Years ago, I worked documenting the landscape of FLW's opus, Fallingwater as a graduate student at the University of Pennsylvania.  Many of the existing trees that had marked the architectural weaving and rhythms that FLW used to articulate the structure had fallen prey to gypsy moth and age.  Rather than replace them to maintain the context the powers that be chose, at that point, to strip away all potential hazards to the house slowly removing some of the aspect of its wooded location.  I commented on a report that at the rate they were protecting the house they would soon be able to call it a prairie house if they did not alter their course of protection.  Needless to say, that comment was not well received, but it may have altered a course that had been followed in regards to the landscape.

The Double Dining South Facing Windows with hundred of Art Glass

The black and white photographs are from the initial documentations by the American Building Survey of the property.  Check it out.  It has an eleven page report that briefly describes conditions of property and landscape records.

1968 Living Room

1968 Carpeted Double Dining room
Landmark Society Photograph showing restored Double Dining Room

Back at my friends house, not far away from those two very different homes another style beckons.  Here a wonderful 1912 house is slowly being restored.  My friends, New Yorkers for NYC have found a dream home in a lovely neighborhood called Upper Monroe.  Being apartment dwellers for most of their adult lives they have taken on vegetable gardening with a great passion.  Their not so small patch next to the old carriage house is producing bumper crops of heirloom tomatoes, zucchini,  strawberries, onions, garlic, cucumbers, eggplants and peppers.  Some of the finest tomatoes we sampled in a great gazpacho.  Here many more tomatoes are bound for bottling for soon the winter snows will reclaim this entire backyard global warming not withstanding.  Happy Gardening.

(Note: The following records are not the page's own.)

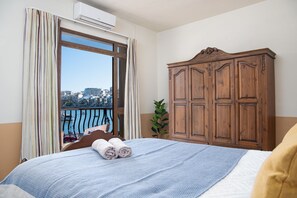 4 bedrooms, iron/ironing board, travel crib, WiFi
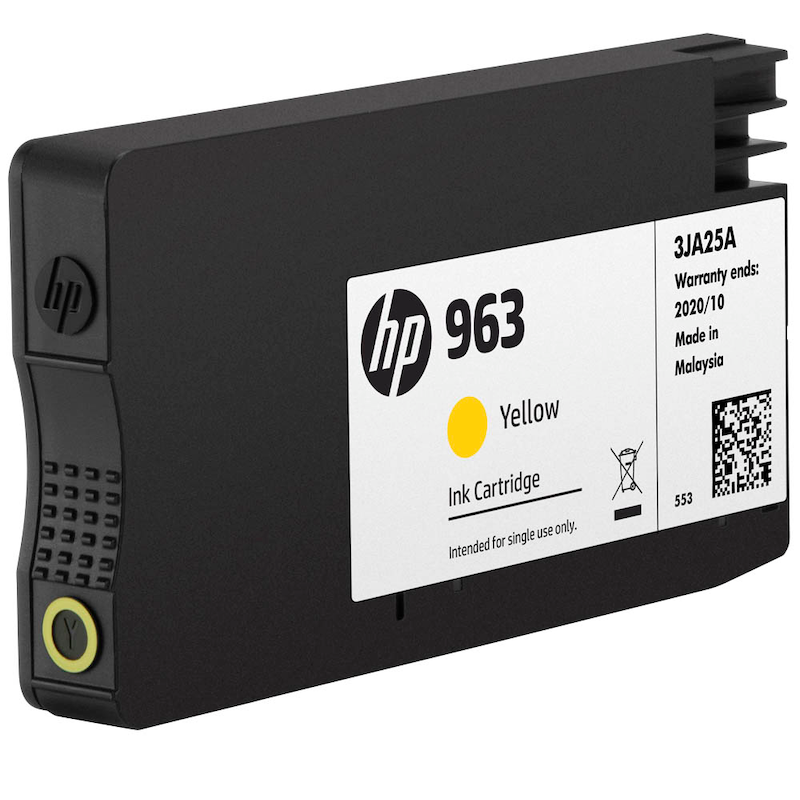 HP 963 Tintenpatronen Multipack (6ZC70AE) –  das Original schwarz, cyan, magenta, gelb - Wiepa Bürofachpartner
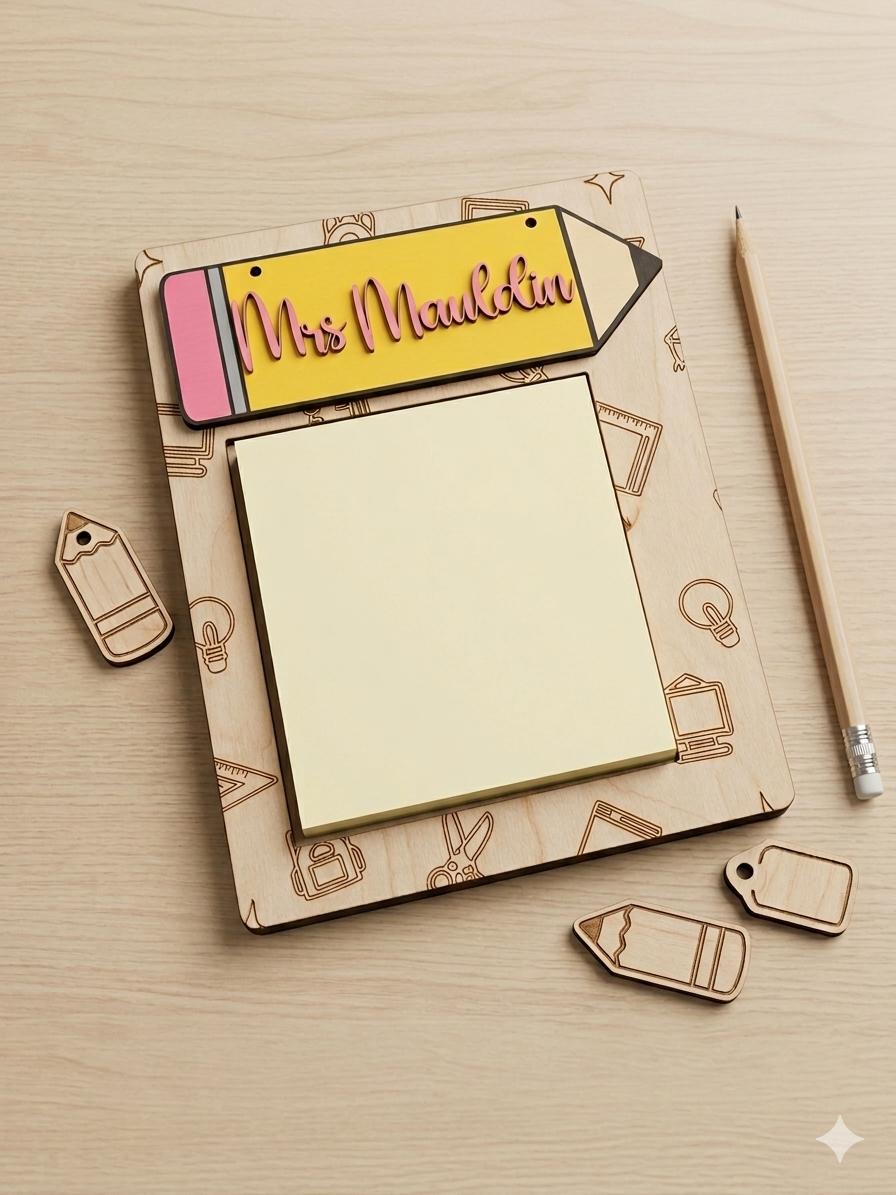 Teacher Gift — Personalized & Hand-Packed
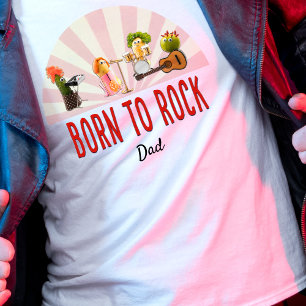 T-shirt Drôle papa cadeau - Cool Veggie Music Lover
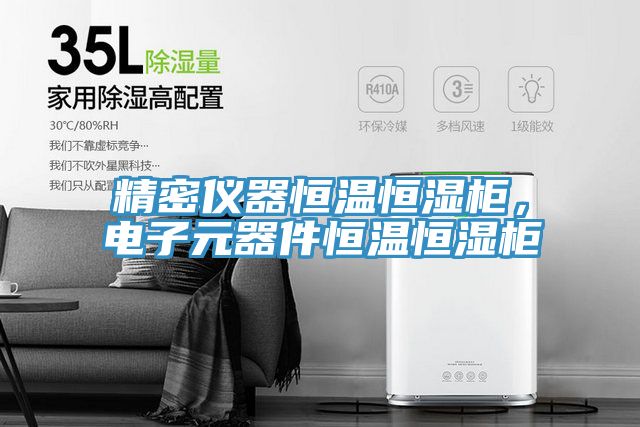 精密儀器恒溫恒濕柜,電子元器件恒溫恒濕柜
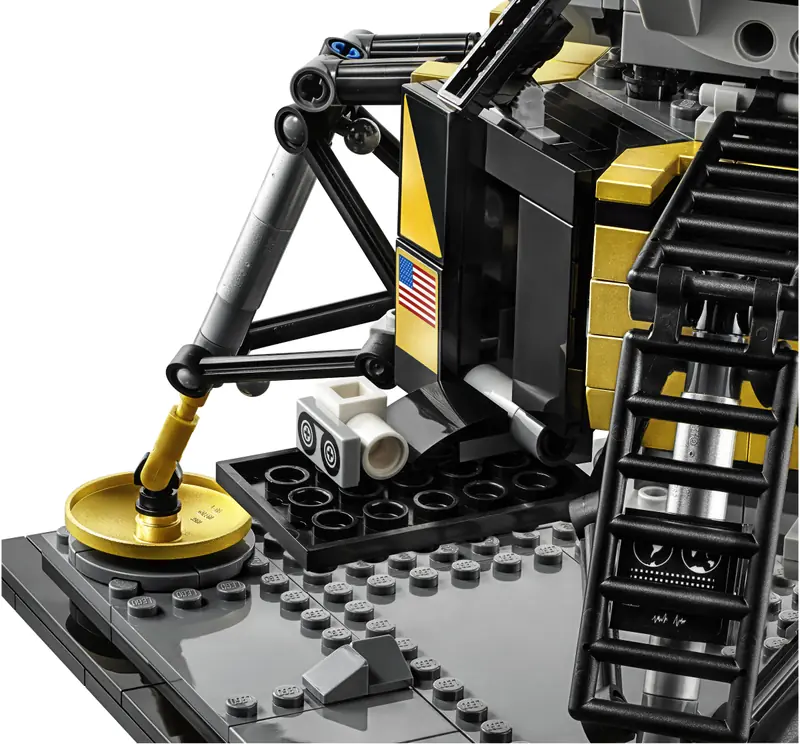 LEGO 10266 Lądownik księżycowy Apollo 11 NASA zdjęcie 5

  1. a real pleasure reading about FLW, falling waters is a favorite spot for me. however, living in Rochester, I drive by Boynton regularly & how wonderful to see our neighbors yard in blog. upper Monroe is just that, UPPER!

  2. Love the FLW review wish I could have been there to see the real thing...your a good deal kinder to Philadelphia now that you left it...Guess a little nostalgia is creeping in eh? ....thanks for the shot of the Transatantic Suite ...v.